#### [YOUR INSTRUCTIONS]
Identify every line in the records below that contains the word "Leather", and reproduce each one.
::::
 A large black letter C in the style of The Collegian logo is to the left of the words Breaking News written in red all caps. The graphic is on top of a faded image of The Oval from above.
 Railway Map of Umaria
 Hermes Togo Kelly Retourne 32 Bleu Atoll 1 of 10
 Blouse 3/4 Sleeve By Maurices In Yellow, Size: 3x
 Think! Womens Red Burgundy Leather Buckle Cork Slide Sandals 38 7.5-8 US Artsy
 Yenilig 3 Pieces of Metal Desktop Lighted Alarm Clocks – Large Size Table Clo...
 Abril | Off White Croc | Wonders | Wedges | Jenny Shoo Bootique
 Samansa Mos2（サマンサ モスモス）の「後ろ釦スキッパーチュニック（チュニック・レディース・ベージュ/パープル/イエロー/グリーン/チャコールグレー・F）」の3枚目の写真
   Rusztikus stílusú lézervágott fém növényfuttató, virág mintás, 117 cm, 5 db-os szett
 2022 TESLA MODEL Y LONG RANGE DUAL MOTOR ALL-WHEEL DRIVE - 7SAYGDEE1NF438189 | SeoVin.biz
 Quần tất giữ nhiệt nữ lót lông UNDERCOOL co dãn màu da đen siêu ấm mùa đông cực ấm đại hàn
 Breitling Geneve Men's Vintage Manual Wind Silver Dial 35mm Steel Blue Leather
::::
#### [TASK RESPONSE]
 Think! Womens Red Burgundy Leather Buckle Cork Slide Sandals 38 7.5-8 US Artsy
 Breitling Geneve Men's Vintage Manual Wind Silver Dial 35mm Steel Blue Leather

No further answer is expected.